“My father believed a real man didn’t read, and my parents hoped I’d get some sense and find a job in insurance.”
“Because I’ve been so bad at looking after myself, how would I ever look after a kid? But the old cliche applied: they handed her to me, and my world turned upside down – and I realised I was now going to be vulnerable in more ways than I expected.”
“My own life has had so many twists that I keep thinking I’ll have one blessing that is not in disguise.”
“Whenever dark things happen in my life, there is always some dark humour.”
“The only book in our home was the Bible. My parents forbade books. They thought I needed help because I wanted to be a writer!”
“The tourist board have put a bounty on me head, but they like the biz from tourists.”
“I’d kill to be a poet.”
“I always had this notion of a noir novel in Galway. The city is exploding, emigration has reversed, and we are fast becoming a cosmopolitan city.”
“I committed a cardinal sin as a kid.
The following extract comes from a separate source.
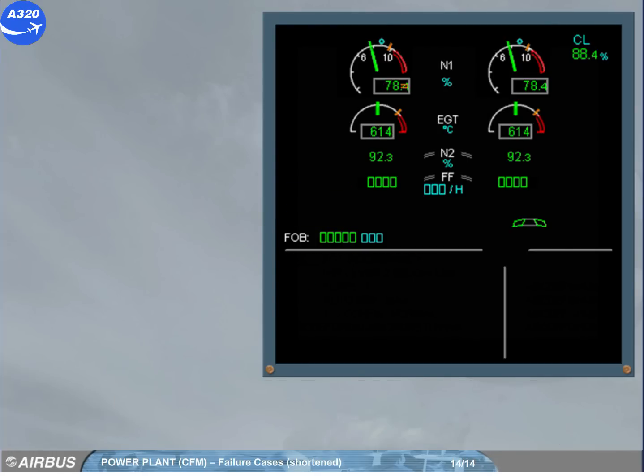Moreover, when N1 or N2 parameters are degraded through a sensor fault, the last digit will be displayed dashed amber.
I never spoke, and my mother thought there was something seriously wrong with me. A silent child is regarded as a problem in Ireland, and I just read all the time.”
“I was a failed actor, but for 25 years, I got to go on stage anyway, and I loved it. I’ve still got the day job, and the travel bug.”
“I decided to write books, just to prove to myself that I was still alive, if nothing else.”
“I had wanted to write English crime novels based on the American hard-boiled style, and for the first two novels about Brixton, the critics didn’t actually know I was Irish.”
“We haven’t had crime writers, and for a long time in the Republic, we didn’t seem to have a crime problem as such.”
“Crime fiction is the new rock n’ roll.”
“After five awful movies, I admitted failure and said I was not cut out to be an actor. But how many people get a chance to live their dream?”
“Jack Taylor was a private investigator in Galway, which seemed like madness. I used lots of Galway-isms, which seemed like madness, too.”